“I reached out for something to attach myself to—and I found nothing. But in reaching out, in the effort to grasp, to attach myself, left high and dry as I was, I nevertheless found something I had not looked for—myself. I found that what I had desired all my life was not to live—if what others are doing is called living—but to express myself. I realized that I had never had the least interest in living, but only in this which I am doing now, something which is parallel to life, of it at the same time, and beyond it. What is true interests me scarcely at all, nor even what is real; only that interests me which I imagine to be, that which I had stifled every day in order to live.”Henry Miller, Tropic of Capricorn
The more you work the more you make, at least it appears that way. But Søren Kierkegaard thought wiser:
“Of all ridiculous things the most ridiculous seems to me, to be busy — to be a man who is brisk about his food and his work.”Søren Kierkegaard
Henry Miller also disdained to overwork:
“I’ve found that it isn’t necessary to work that much. It’s bad, in fact. You drain the reservoir.”Henry Miller
More work may beget more money but also creates more stress, which may negatively impact productivity. There’s nothing wrong with taking a break or a vacation and letting the mind run on its own.
Even during those dull moments your mind is working, jettisoning the bad ideas and retaining the good ones much like a washing machine. This process intensifies during sleep.
Pace your work. Focus and relax once in a while and allow the brain to sort out the connections. Slow and steady wins the race.
“Let us do our best, even if it gets us nowhere.”

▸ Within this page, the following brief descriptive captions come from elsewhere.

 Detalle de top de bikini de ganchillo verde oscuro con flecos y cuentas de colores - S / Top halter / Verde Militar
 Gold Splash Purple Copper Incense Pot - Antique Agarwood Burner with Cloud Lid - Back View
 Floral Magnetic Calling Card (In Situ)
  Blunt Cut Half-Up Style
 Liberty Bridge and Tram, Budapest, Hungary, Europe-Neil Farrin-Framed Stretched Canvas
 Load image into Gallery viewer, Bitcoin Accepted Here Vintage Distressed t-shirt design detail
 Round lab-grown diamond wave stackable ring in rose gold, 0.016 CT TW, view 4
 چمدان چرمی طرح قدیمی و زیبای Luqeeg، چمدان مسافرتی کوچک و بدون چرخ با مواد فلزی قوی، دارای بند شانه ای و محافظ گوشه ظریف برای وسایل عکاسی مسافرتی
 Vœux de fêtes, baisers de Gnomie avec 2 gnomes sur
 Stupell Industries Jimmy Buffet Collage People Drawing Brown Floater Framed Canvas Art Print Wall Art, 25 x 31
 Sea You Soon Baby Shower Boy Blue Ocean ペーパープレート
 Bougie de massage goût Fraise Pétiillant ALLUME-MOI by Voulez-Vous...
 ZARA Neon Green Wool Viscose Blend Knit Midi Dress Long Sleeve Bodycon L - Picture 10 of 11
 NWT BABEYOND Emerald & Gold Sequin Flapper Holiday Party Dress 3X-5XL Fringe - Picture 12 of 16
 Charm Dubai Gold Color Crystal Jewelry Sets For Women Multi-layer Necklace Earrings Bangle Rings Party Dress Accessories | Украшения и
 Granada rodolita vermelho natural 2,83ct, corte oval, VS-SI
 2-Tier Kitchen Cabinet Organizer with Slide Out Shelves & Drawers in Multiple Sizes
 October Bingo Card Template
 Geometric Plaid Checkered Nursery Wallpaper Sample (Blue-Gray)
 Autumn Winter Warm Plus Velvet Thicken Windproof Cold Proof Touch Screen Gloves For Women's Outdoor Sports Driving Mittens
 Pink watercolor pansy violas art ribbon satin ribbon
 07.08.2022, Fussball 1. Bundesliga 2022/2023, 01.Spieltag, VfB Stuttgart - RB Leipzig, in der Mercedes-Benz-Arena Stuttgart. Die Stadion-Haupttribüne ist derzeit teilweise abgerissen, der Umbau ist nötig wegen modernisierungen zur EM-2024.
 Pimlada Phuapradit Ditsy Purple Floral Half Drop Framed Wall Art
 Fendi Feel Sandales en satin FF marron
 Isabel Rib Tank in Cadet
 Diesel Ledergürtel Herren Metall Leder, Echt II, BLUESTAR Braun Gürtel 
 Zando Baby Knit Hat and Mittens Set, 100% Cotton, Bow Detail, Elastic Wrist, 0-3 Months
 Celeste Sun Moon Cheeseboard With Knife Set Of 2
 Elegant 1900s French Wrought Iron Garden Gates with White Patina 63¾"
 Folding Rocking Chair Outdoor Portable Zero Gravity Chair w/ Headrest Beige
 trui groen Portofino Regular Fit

After all, most writing is done away from the typewriter, away from the desk. I’d say it occurs in the quiet, silent moments, while you’re walking or shaving or playing a game or whatever, or even talking to someone you’re not vitally interested in. You’re working, your mind is working, on this problem in the back of your head. So, when you get to the machine it’s a mere matter of transfer.
Your best thoughts occur when you’re not working, when your mind and body step away from your desk. But even in those dull moments your mind is working. And then you just copy-paste your thoughts at the computer. The hard part is the editing.